The consultations, called the Review of Electricity Market Arrangements (REMA) opened today (18 July) and will run until 10 October. REMA is seeking stakeholders’ views on a number of key changes first proposed in the Energy Security Strategy, which was published in April in response to the energy price crisis that began last summer and has been exacerbated by Russia’s war in Ukraine.
While that Strategy put forward much additional support for North Sea oil and gas and laid the foundation for a U-turn on the Government’s fracking ban, it also increased targets on clean energy, with updated 2030 ambitions for offshore wind, low-carbon hydrogen and nuclear.
Many of the issues covered by REMA cover the environmental prong of the so-called energy trilemma, which also covers energy security as well as costs. The REMA documents state that delivering a net-zero wholesale market and mass low-carbon power are two of the core outcomes sought from the changes. Other core outcomes are increased flexibility, capacity adequacy and better operability.
For instance, the Government is consulting on how best to de-couple global gas prices from electricity prices. Prime Minister Boris Johnson spoke out in favour of change at last month’s G7 Summit in Germany.
In the UK, wholesale electricity prices are informed by gas prices, partly due to the historic and present extent of gas-fired generation in the energy mix. It has been pointed out that this is not fair on domestic and business customers who purchase 100% renewable energy, which is likely to be cheaper. This unfairness will only become more pronounced in the future as unabated gas-fired electricity generation is phased out in the UK through to 2035.
REMA proposes ‘locational wholesale pricing’, whereby prices in each location in the transition network vary. The documents note that this approach has already been successful in some parts of the USA, New Zealand and Canada. If this change were implemented, there would still be a central dispatch process.

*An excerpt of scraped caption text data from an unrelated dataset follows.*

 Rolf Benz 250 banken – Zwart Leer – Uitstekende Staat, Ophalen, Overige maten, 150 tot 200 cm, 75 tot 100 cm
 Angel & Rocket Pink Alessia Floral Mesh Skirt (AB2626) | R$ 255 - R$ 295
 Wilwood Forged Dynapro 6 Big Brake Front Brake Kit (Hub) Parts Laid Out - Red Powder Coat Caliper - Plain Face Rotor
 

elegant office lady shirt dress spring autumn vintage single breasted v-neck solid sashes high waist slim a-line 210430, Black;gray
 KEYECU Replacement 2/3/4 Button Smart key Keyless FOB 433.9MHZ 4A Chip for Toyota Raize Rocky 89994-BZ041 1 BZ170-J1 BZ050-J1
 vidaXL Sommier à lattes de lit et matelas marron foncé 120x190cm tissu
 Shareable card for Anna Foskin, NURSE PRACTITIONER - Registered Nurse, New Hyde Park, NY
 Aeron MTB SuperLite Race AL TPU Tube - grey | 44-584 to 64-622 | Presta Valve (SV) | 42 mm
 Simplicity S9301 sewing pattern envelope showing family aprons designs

The REMA documents state: “Locational wholesale prices would send strong locational investment signals for all generation, storage and demand which is exposed to the wholesale price to site in locations that reduce system costs. This would enable more efficient network development, through increased transparency of where network constraints are, how frequently they occur, and their economic importance. It could also bring some first-of-akind low carbon technologies to new locations.”
Business and Energy Secretary Kwasi Kwarteng said: “We’ve just seen the price of offshore UK wind power fall to an all-time low and gas is a shrinking portion of our electricity generating mix, so we need to explore ways of ensuring the electricity market is adapting to the times.”

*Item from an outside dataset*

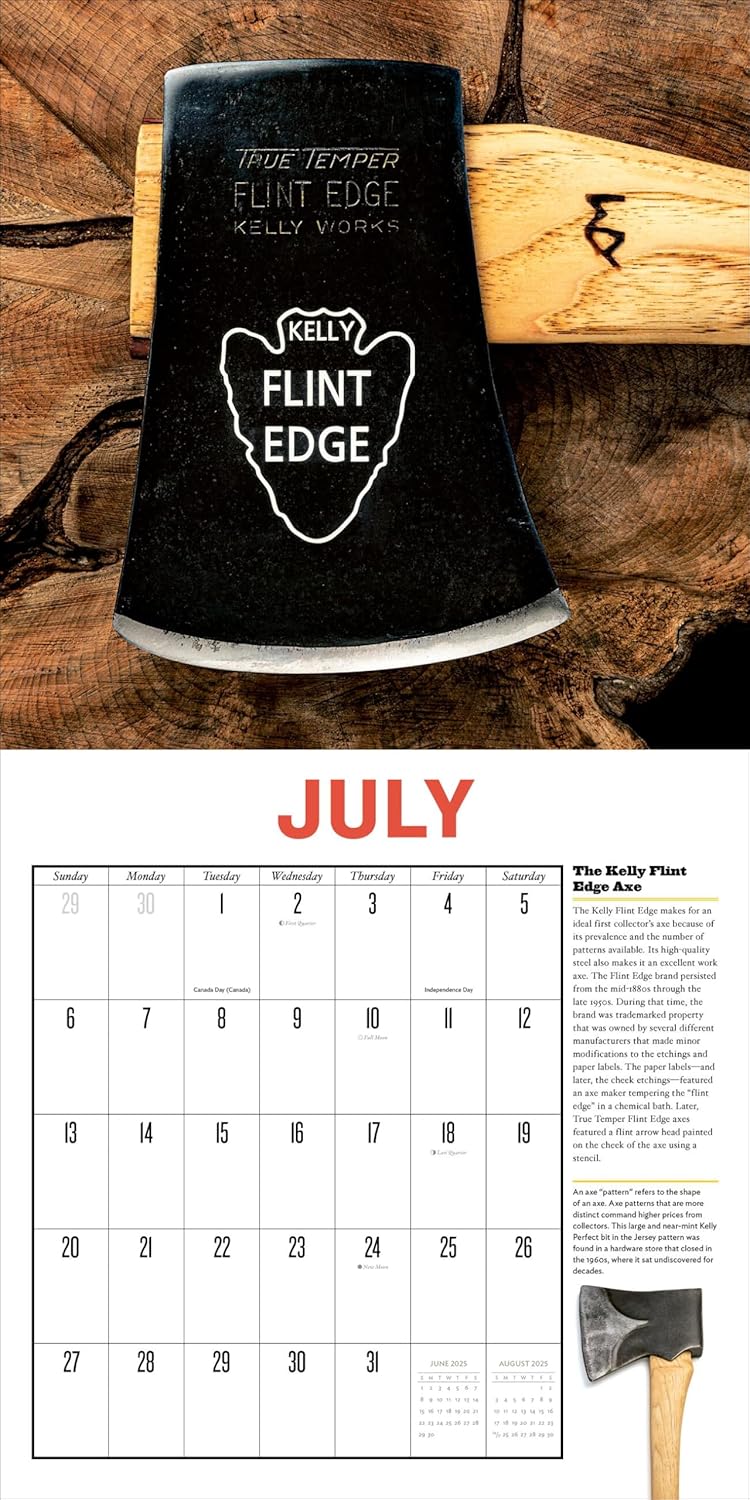 Vintage Axes Wall Calendar 2025: A Calendar on the Cutting Edge by Brett McLeod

The Energy Security Strategy and subsequent Energy Security Bill were broadly criticised for missing opportunities to improve energy efficiency – both by improving the fabric of buildings and by encouraging behaviour change. This is despite the fact that energy efficiency contributes to solutions under all parts of the energy trilemma.
One measure under consideration through REMA are incentives for customers to avoid drawing energy from the grid when demand is high, for activities such as electric vehicle (EV) charging. REMA acknowledges that there are, at present, “limited market signals for electricity demand reduction” and that a joined-up, at-scale approach will be needed to help business and domestic energy consumers see the financial returns of either using less energy, or ‘flexing’ their energy consumption to use the grid at periods of low demand and low carbon intensity in the electricity mix.
Options on the table include considering whether energy efficiency projects can compete in the UK’s Capacity Market, subject to “significant changes” to market rules, and making it easier for distribution networks to contribute funding to energy efficiency schemes where it reduces network costs.
Another option is a flexibility-focused obligation for electricity suppliers, mandating the provision of low-carbon electricity and the provision of methods to help reduce demand during peak times. Such an obligation, the ‘Clean Peak Standard’, is already used in Massachusetts.
The REMA documents acknowledge that technologies such as battery storage and low-carbon hydrogen production will be necessary to scale flexibility at the rate needed to meet climate goals while maintaining energy security and keeping costs down (partly by avoiding inertia costs associated with wasting clean electricity).
On storage, REMA respondents are asked how best to reshape the wholesale and balancing markets to reduce incentives for charging and discharging frequently, shifting instead to longer-duration storage. This may involve changes to Capacity Market contracts. Respondents are also asked how to incentivise the co-location of storage with low-carbon generation in a way that minimises costs.
The Department for Business, Energy and Industrial Strategy (BEIS) is hosting the REMA In partnership with regulator Ofgem. The organisations expect to publish a response this winter, after “further developing, refining and narrowing down options” based on the consultation responses. Changes could, therefore, be implemented in the last quarter of 2022 or the first quarter of 2023 at the earliest.